The Roman Catholic Diocese of San Diego, like others throughout the country, is participating in a churchwide campaign called Justice for Immigrants, lobbying for immigration reform that the Conference of Catholic Bishops considers more comprehensive and less punitive.

While some fear there could be a chilling effect if the expanded smuggling language becomes law, various faith-based and nondenominational groups have vowed to continue their outreach work.

“In that case, we would go ahead and violate the law, because sometimes the law is wrong,” said John Hunter, a San Diego physicist who heads one of a few local groups that set up water stations in the desert. “These poor guys are dying out there, and women, and no one is helping them.”

Hunter – whose lawmaker brother, Rep.
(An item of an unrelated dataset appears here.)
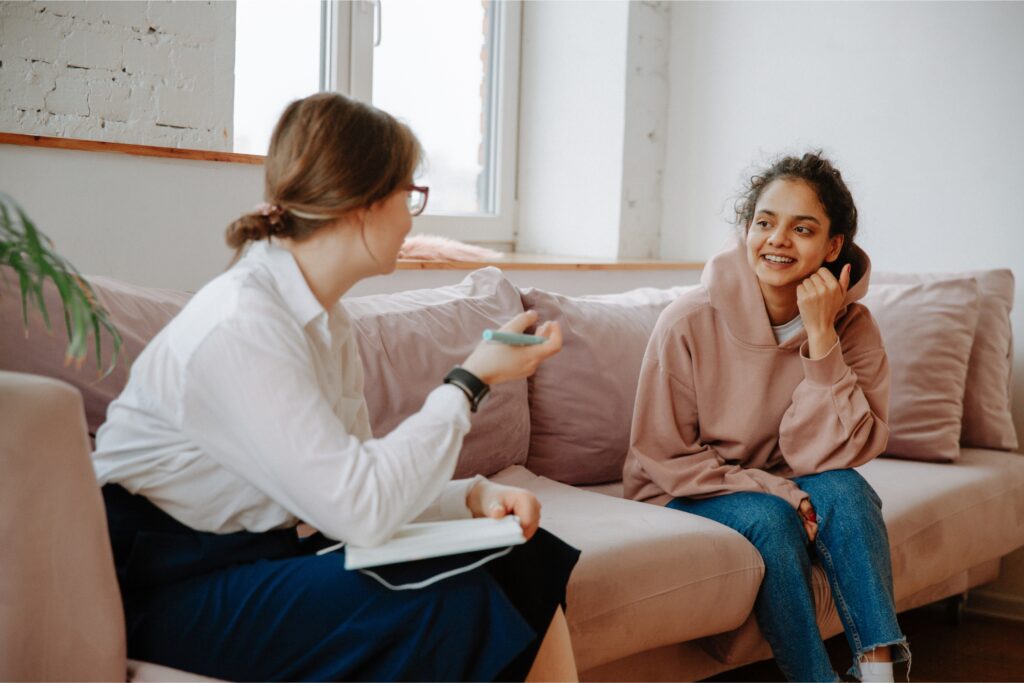 A woman at her therapist appointment sitting on the couch smiling and talking to the therapisttherapist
Duncan Hunter, R-El Cajon, is a staunch supporter of increased border enforcement – questioned just how far such language could stretch.

“If that is taken literally, they are going to have to lock up the Border Patrol for saving lives,” he said. “If they find a guy who is about to die, they pour water down his throat.”
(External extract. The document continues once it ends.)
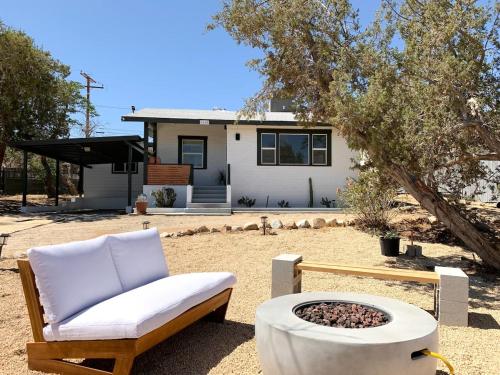a couch and a fire pit in front of a house at Joshua Tree - Under the Stars-Pool, Spa & Fire pit in Yucca Valley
In North County, where a large number of working homeless immigrants hold jobs in local nurseries, farms and landscaping businesses, Terri Trujillo of Our Lady of Mount Carmel Church in Rancho Peñasquitos expressed similar commitment.

“We have always ministered to the migrants, with or without legislation,” said Trujillo, coordinator of a migrant outreach ministry that for years has held Sunday worship services in a canyon where many of the homeless live, and served hot meals.

“If they are hungry, we feed them,” she said.

Not everyone is worried about the language in the proposed legislation becoming law, but they find its mere discussion is troublesome enough.

“I don't know that a lot of us are terrified that it would be signed, but what does concern us is that we have reached this state in the discussion about immigration where that would even be considered,” said Auther at Our Lady of Guadalupe. “It is just such an ugly atmosphere.”